> _About this exercise_
In the entries below, find the line with "Large hand-painted modern" and the line with "Dolce & Gabbana"; reproduce those two lines and all lines between them exactly, without pictures.

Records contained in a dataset

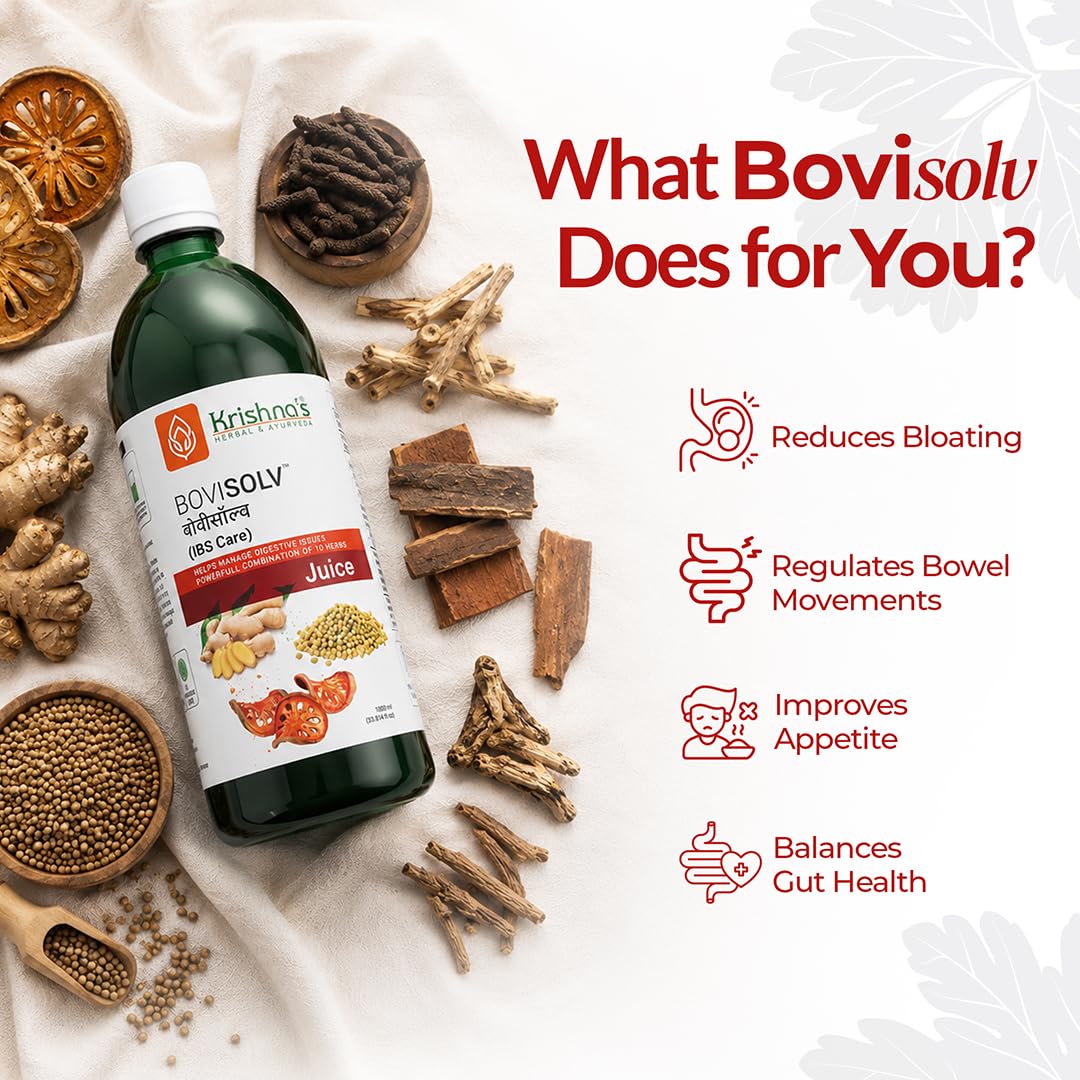 Krishnaâ€™s Bovisolv Juice 1000 ml | IBS-Friendly | Digestive Wellness Drink | Ayurvedic Liquid for Sensitive Gut Lifestyle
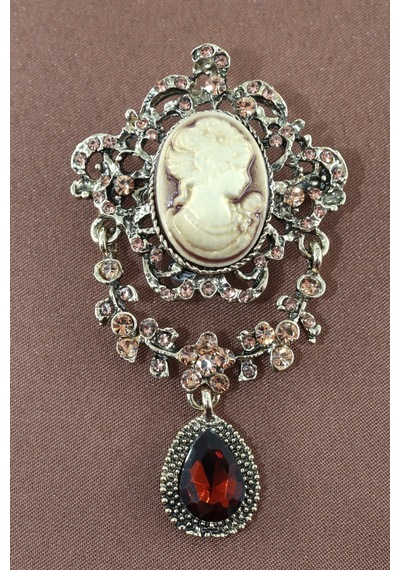 Kameo Vintage Broş, Garnet Kristal Taşlı Sallantılı Eskitme Bronz Renkli Kadın Yaka İğnesi Çok renkli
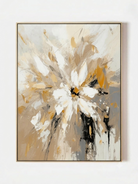 Large hand-painted modern abstract canvas painting with 3D heavy palette knife texture featuring a gold and white floral burst by Luna Xiao for luxury living room decor.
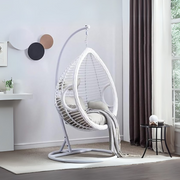 Nordic Style Hanging Swing Chair with Wicker Basket - Comfortable Outdoor Swing for Balcony, Garden, or Terrace (White)-GCC Home Center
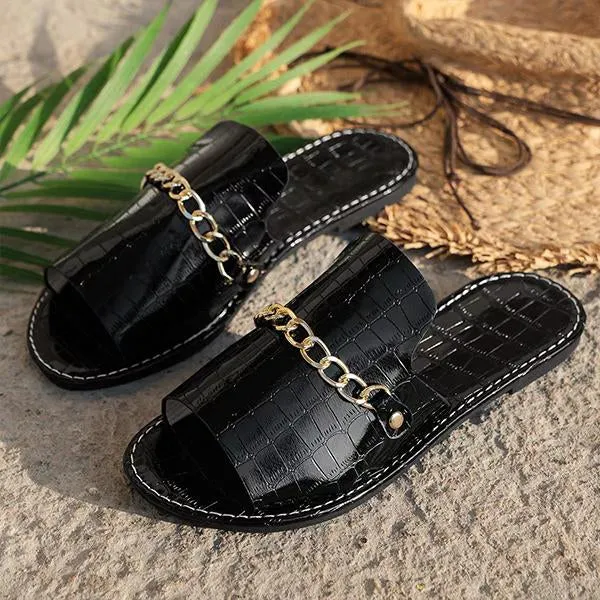 Women's Fashion Chain Stone Pattern Flat Slippers 75310462S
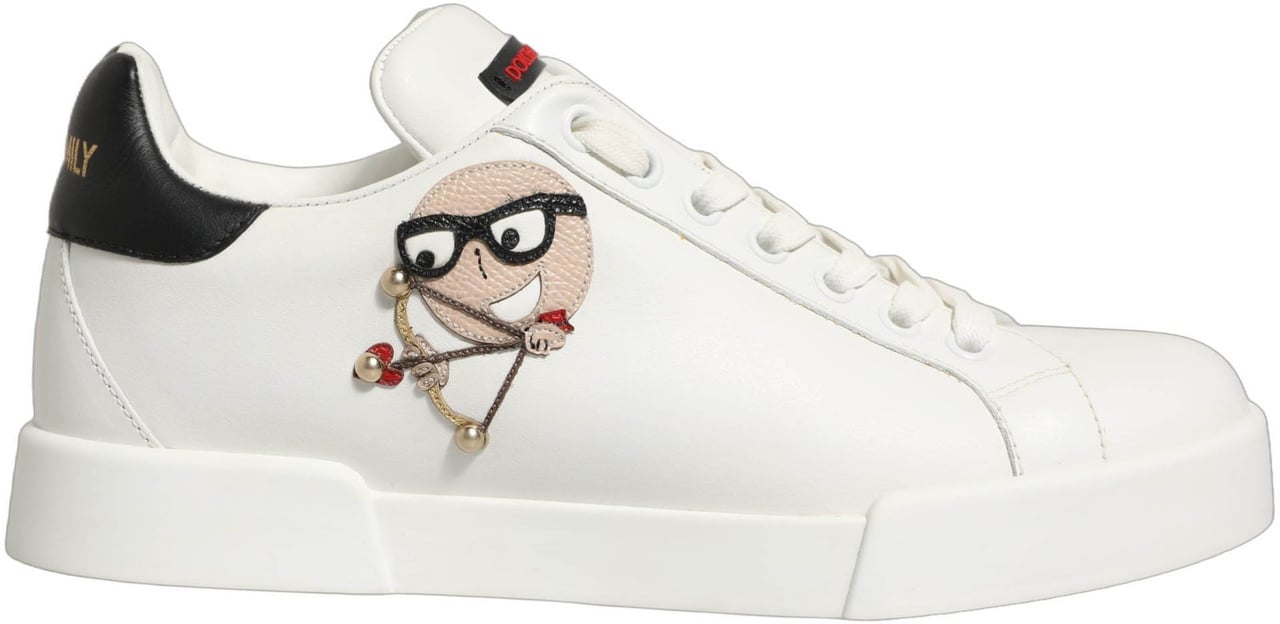 Dolce & Gabbana White Patch Calfskin Nappa Portofino Sneakers Shoes Wit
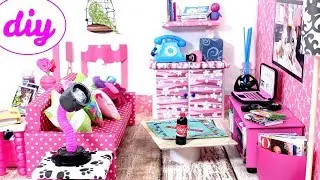 4 DIY Miniature Dollhouse Rooms - Kitchen, Living Room, Bedroom, Bathroom for LOL, LPS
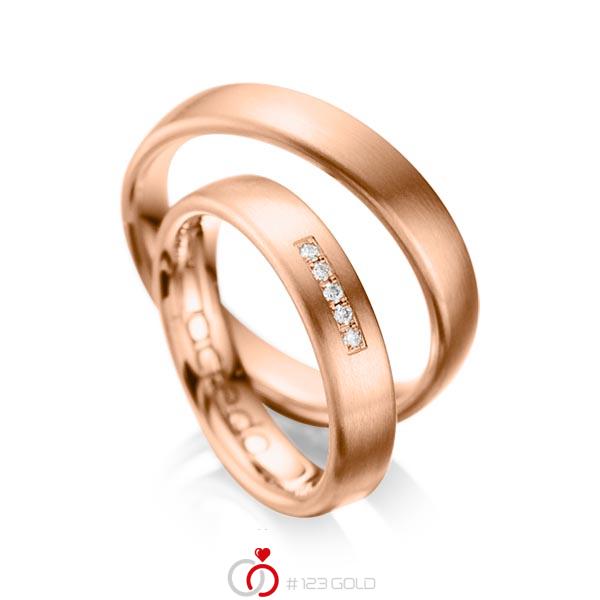Paar klassische Trauringe/Eheringe in Rotgold 585 mit zus. 0,05 ct. Brillant tw, si von acredo - A-1052-6 Paar klassische Trauringe/Eheringe in Rotgold 585 mit zus. 0,05 ct. Brillant tw, si von acredo - A-1052-6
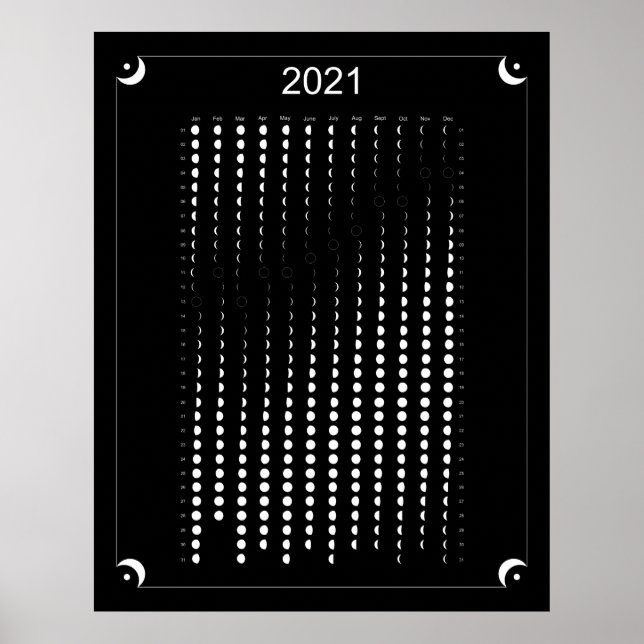Affiche Calendrier de la Lune Noire 2021 (Devant)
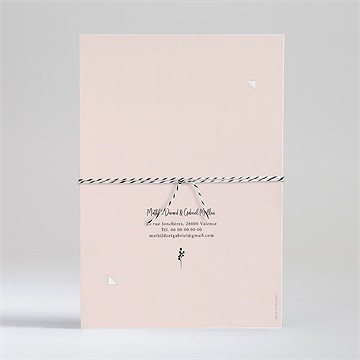 Faire-part mariage dites-le avec des fleurs - Dos du faire-part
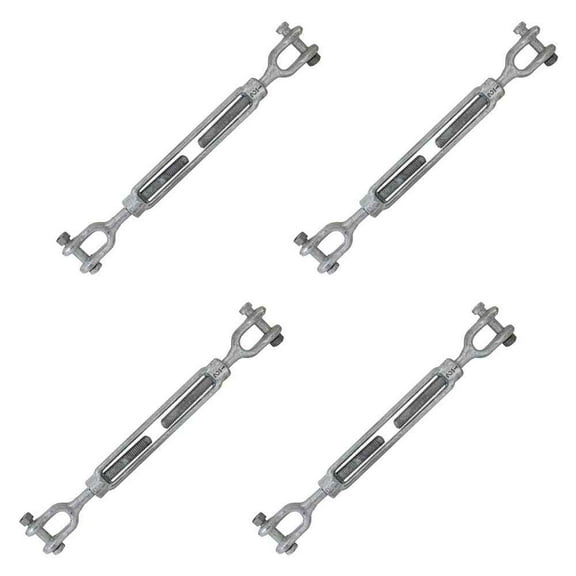 Galvanized Turnbuckle - Jaw & Jaw 1/2" x  6" - 4 Pack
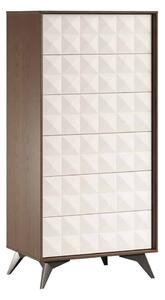 Comodă lemn masiv nuc Zion Crem-, 158 × 43 × 125 cm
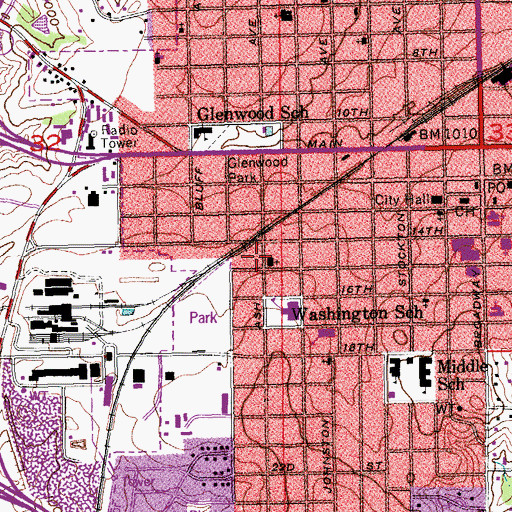 Topographic Map of First Free Will Baptist Church, OK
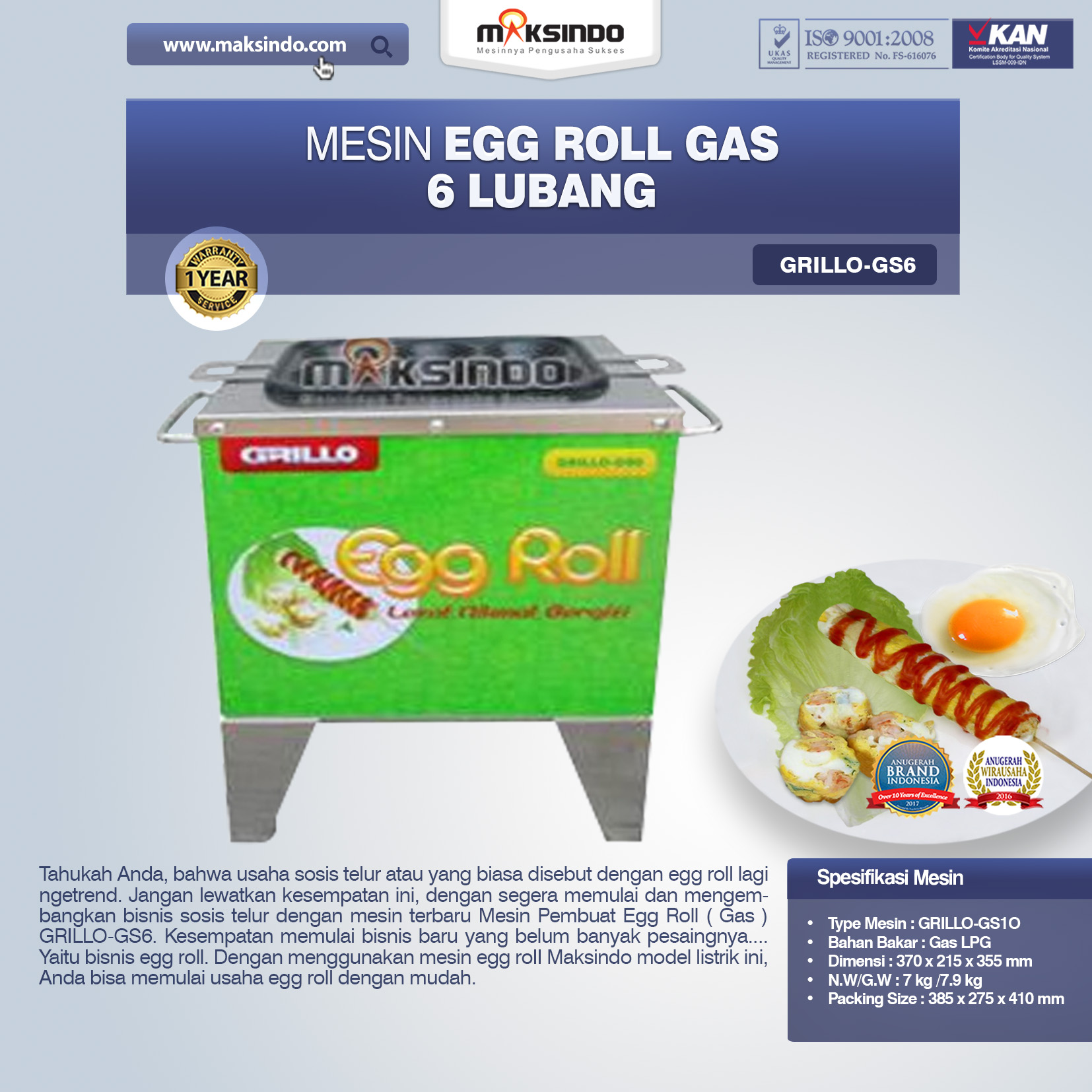 Jual Mesin Egg Roll Gas 6 Lubang GRILLO-GS6 di Bogor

> _Response to this task_
 Large hand-painted modern abstract canvas painting with 3D heavy palette knife texture featuring a gold and white floral burst by Luna Xiao for luxury living room decor.
 Nordic Style Hanging Swing Chair with Wicker Basket - Comfortable Outdoor Swing for Balcony, Garden, or Terrace (White)-GCC Home Center
 Women's Fashion Chain Stone Pattern Flat Slippers 75310462S
 Dolce & Gabbana White Patch Calfskin Nappa Portofino Sneakers Shoes Wit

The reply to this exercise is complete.